If LeBron James is going to beat the Golden State Warriors in what appears to be the most likely NBA Finals matchup, he’s going to have to play like the greatest player of all time. It’s a level the masses have waited for him to reach his entire career. That’s the gift and the curse when you are blessed with near-supernatural talent, blessed with being bigger, faster, more skilled than everyone else. He was expected to engulf the NBA just like Jordan did in the ’90s. The question had been when it would happen; now, it’s more a matter of how.

The Warriors have given us the answer. LeBron isn’t the evolutionary Michael or Magic or Malone. He’s the archetypal Draymond Green. The Warriors became a great team when they started Green at the 4; they became an all-time great team when they featured him at the 5. Playing Green at center poses an existential problem to every other team: How do you beat an opponent that plays five-out on offense and can switch every pick-and-roll? Play them at their own game.

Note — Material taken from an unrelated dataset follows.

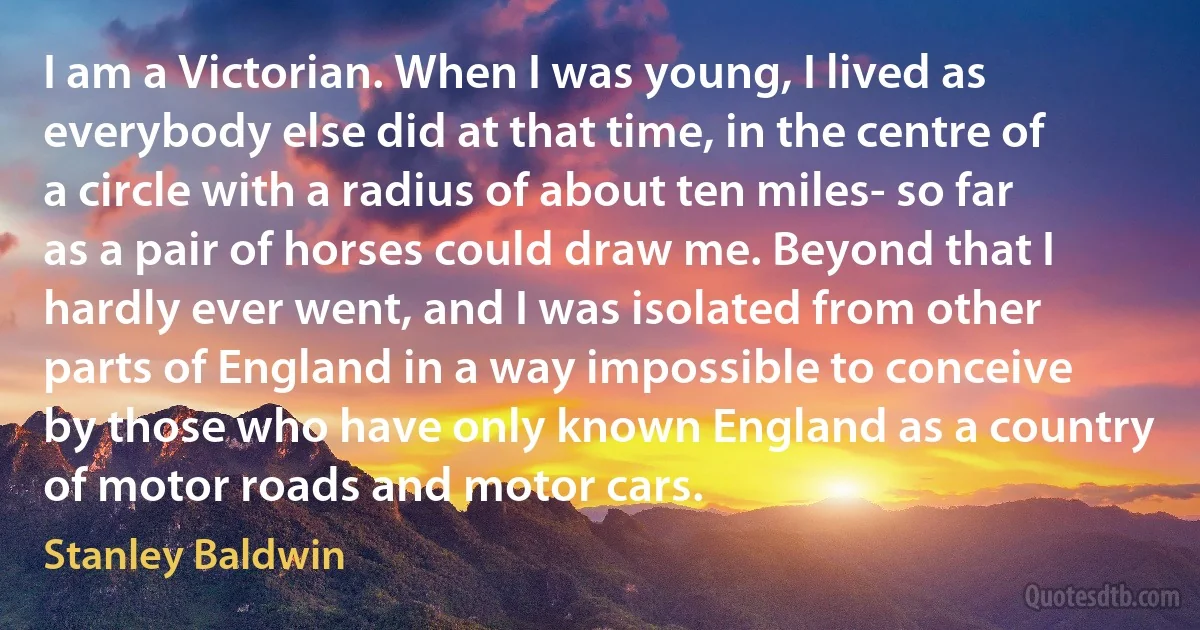 I am a Victorian. When I was young, I lived as everybody else did at that time, in the centre of a circle with a radius of about ten miles- so far as a pair of horses could draw me. Beyond that I hardly ever went, and I was isolated from other parts of England in a way impossible to conceive by those who have only known England as a country of motor roads and motor cars. (Stanley Baldwin)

Steph Curry gets all the press, but Green is the pulse of the Warriors. He holds all the keys; he guards all the doors. To beat the Warriors, you have to beat the Lineup of Death — you have to beat Draymond at the 5. If the Cavs are going to do it, they’ll have to seriously consider a lineup with James at the 5, surrounded by perimeter players like Kyrie Irving, Matthew Dellavedova, J.R. Smith, and Iman Shumpert.

Placing LeBron in the Draymond role, rolling to the basket with four shooters around him, would make him unstoppable. It’s not a glamourous way of playing, considering the amount of banging in the paint an undersized center has to do to survive. But it’s the sacrifice LeBron will have to make if he wants his best shot at another title. And even then — even if the Warriors bring out the very best in him — for the first time in his life, that might not be enough to win.

So, you could argue that the Warriors are the worst thing to ever happen to LeBron James. They beat him in last year’s NBA Finals and, should Golden State and Cleveland meet again this year, the Warriors are overwhelmingly favored to repeat. They broke Michael Jordan’s most unbreakable record. They look like what the Miami Heat were supposed to be. Except it would be Curry, not James, racking up all the acclaim if they win not one, not two, not three championships. It was unthinkable just a year ago, but LeBron could be displaced as the greatest player of his era.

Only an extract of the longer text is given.